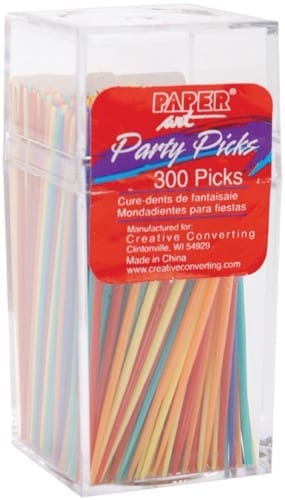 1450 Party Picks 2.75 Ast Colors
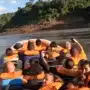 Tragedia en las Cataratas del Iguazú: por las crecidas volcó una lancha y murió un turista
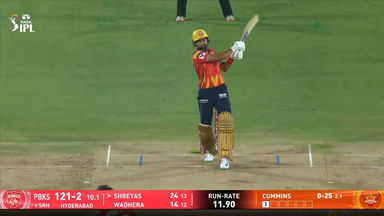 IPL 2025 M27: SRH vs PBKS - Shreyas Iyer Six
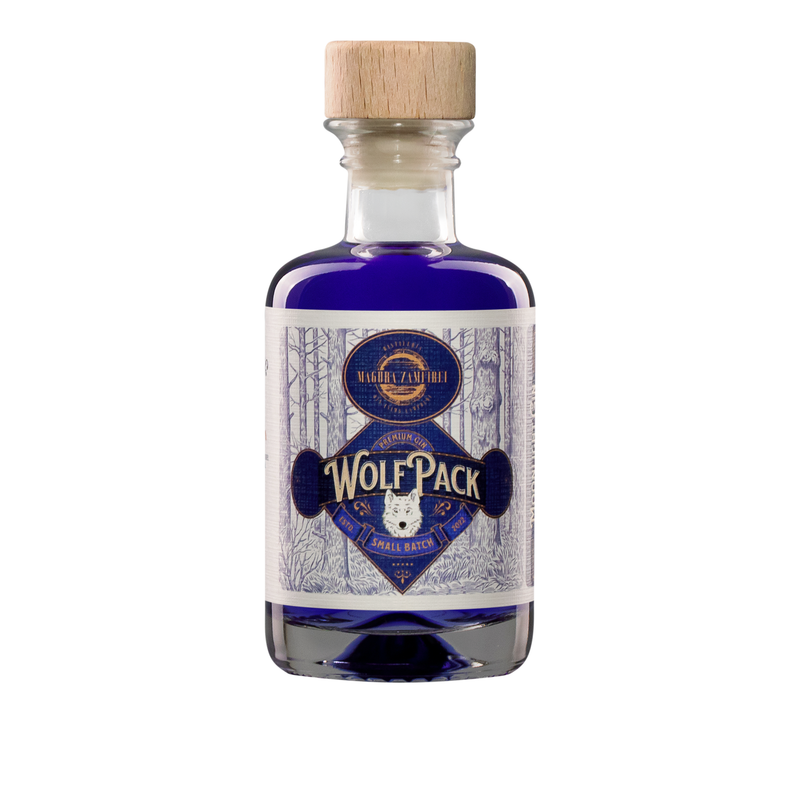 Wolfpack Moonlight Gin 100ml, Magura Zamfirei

_ _ _

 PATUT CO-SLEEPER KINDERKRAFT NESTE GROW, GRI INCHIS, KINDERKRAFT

_ _ _

- **Task to carry out**: Starting at the line above that holds "Tragedia en las", return each line up to and including the one that holds "Wolfpack Moonlight Gin", exactly as written, minus any pictures.

- **Exercise result**:
 Tragedia en las Cataratas del Iguazú: por las crecidas volcó una lancha y murió un turista
 IPL 2025 M27: SRH vs PBKS - Shreyas Iyer Six
 Wolfpack Moonlight Gin 100ml, Magura Zamfirei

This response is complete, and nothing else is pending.